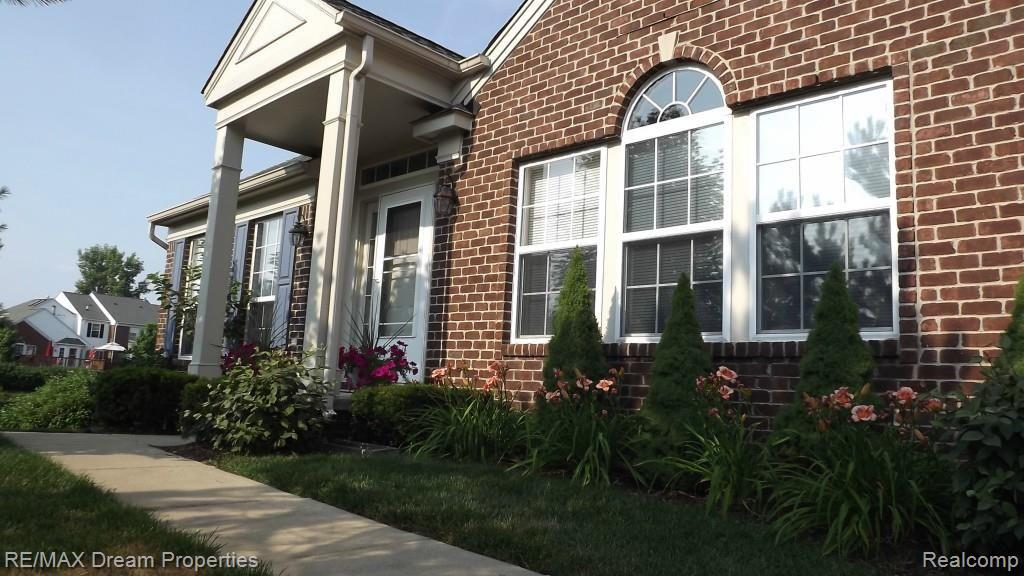 49146 Hawksburry Road, Unit 106 Canton, MI 48188 - Photo 8 of 60 8.JPG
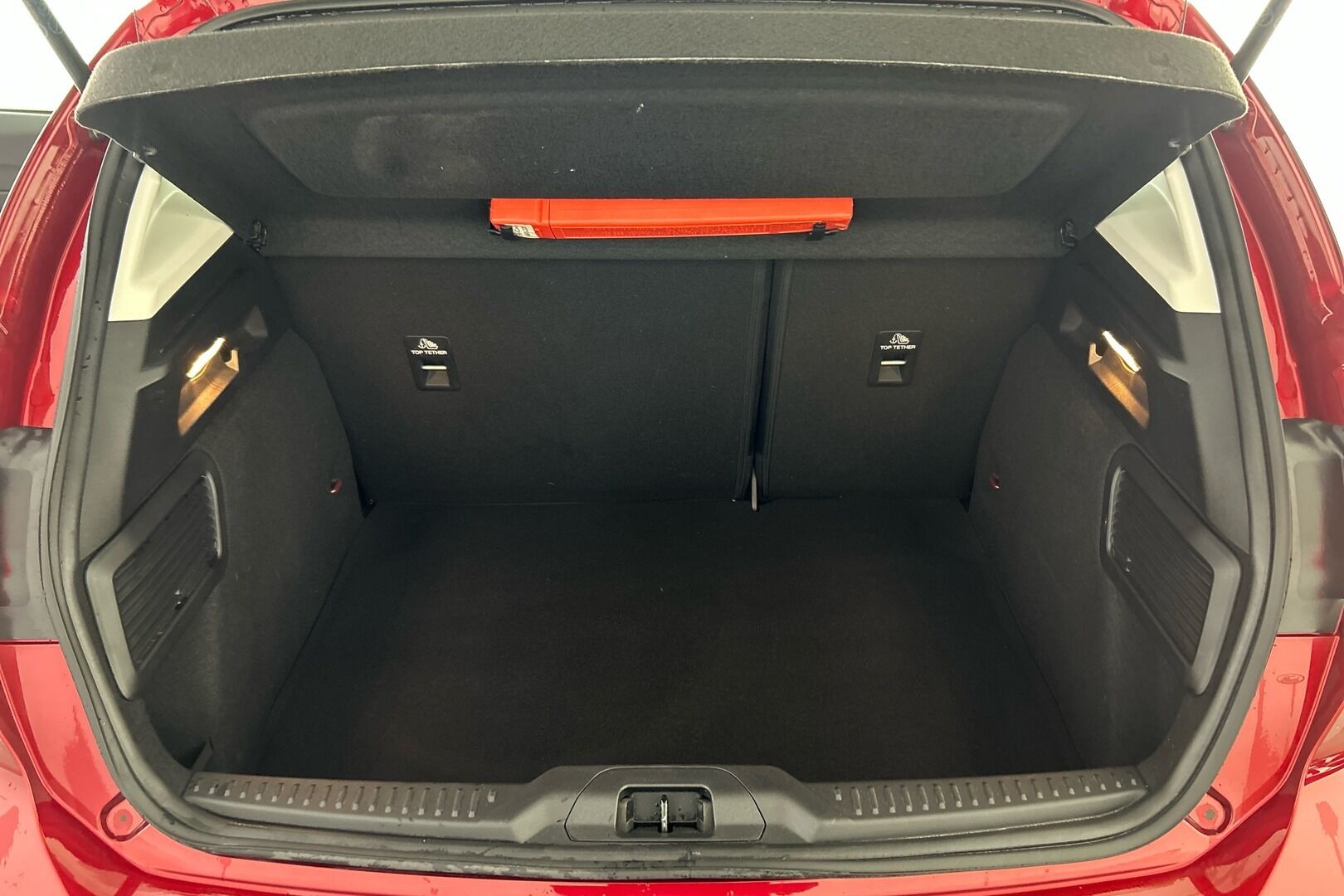 Ford Focus iso kuva 7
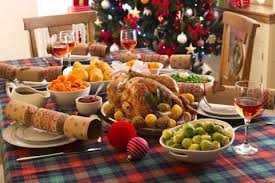 Christmas Top Tips - dinner table with christmas dinner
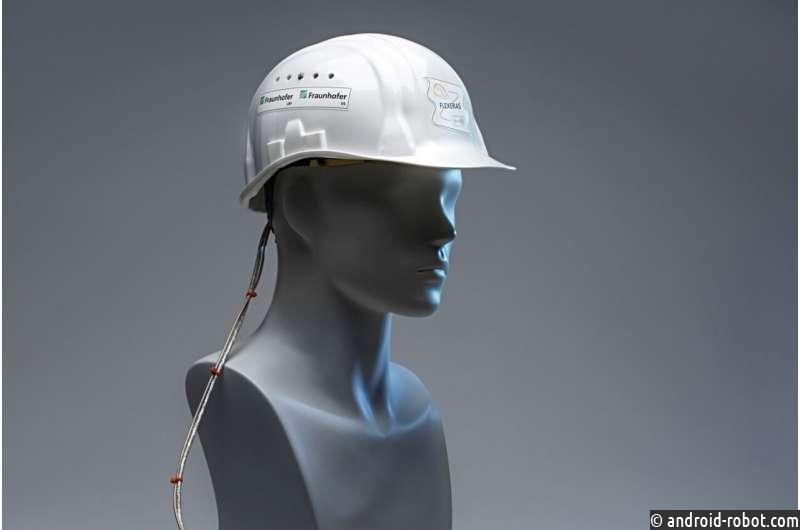 Представлен шлем с датчиком вибрации для машинистов экскаваторов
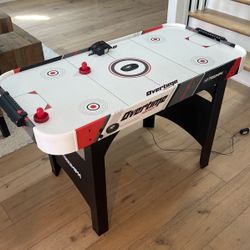 Air Hockey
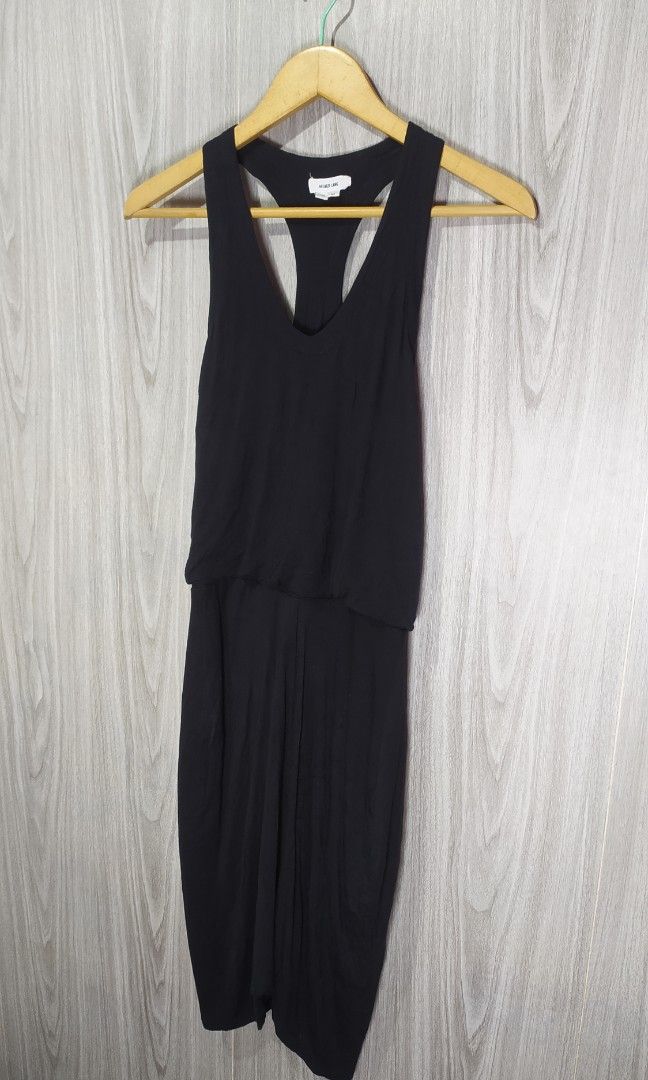 Helmut Lang Black Sleeveless Dress (Category: Dresses) located in Naga. Submitted by secondspinv2 (Listing ID 1435301084, Image 3). Description: Helmut Lang Black Sleeveless Dress ✅Size: M ✅Waist: 26 To 30 ✅Length: 43 ✅Color Rate: 9.5/10 ✅Issue: Minimal Lose Stitch ✅Need Wash ✅Location: Bicol Naga City, Camarines Sur ✅Courier: J&T Express/Flash Express ✅MOP: Gcash only.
§ §
All of the entries above need to be transcribed exactly, except for the pictures.

 49146 Hawksburry Road, Unit 106 Canton, MI 48188 - Photo 8 of 60 8.JPG
 Ford Focus iso kuva 7
 Christmas Top Tips - dinner table with christmas dinner
 Представлен шлем с датчиком вибрации для машинистов экскаваторов
 Air Hockey
 Helmut Lang Black Sleeveless Dress (Category: Dresses) located in Naga. Submitted by secondspinv2 (Listing ID 1435301084, Image 3). Description: Helmut Lang Black Sleeveless Dress ✅Size: M ✅Waist: 26 To 30 ✅Length: 43 ✅Color Rate: 9.5/10 ✅Issue: Minimal Lose Stitch ✅Need Wash ✅Location: Bicol Naga City, Camarines Sur ✅Courier: J&T Express/Flash Express ✅MOP: Gcash only.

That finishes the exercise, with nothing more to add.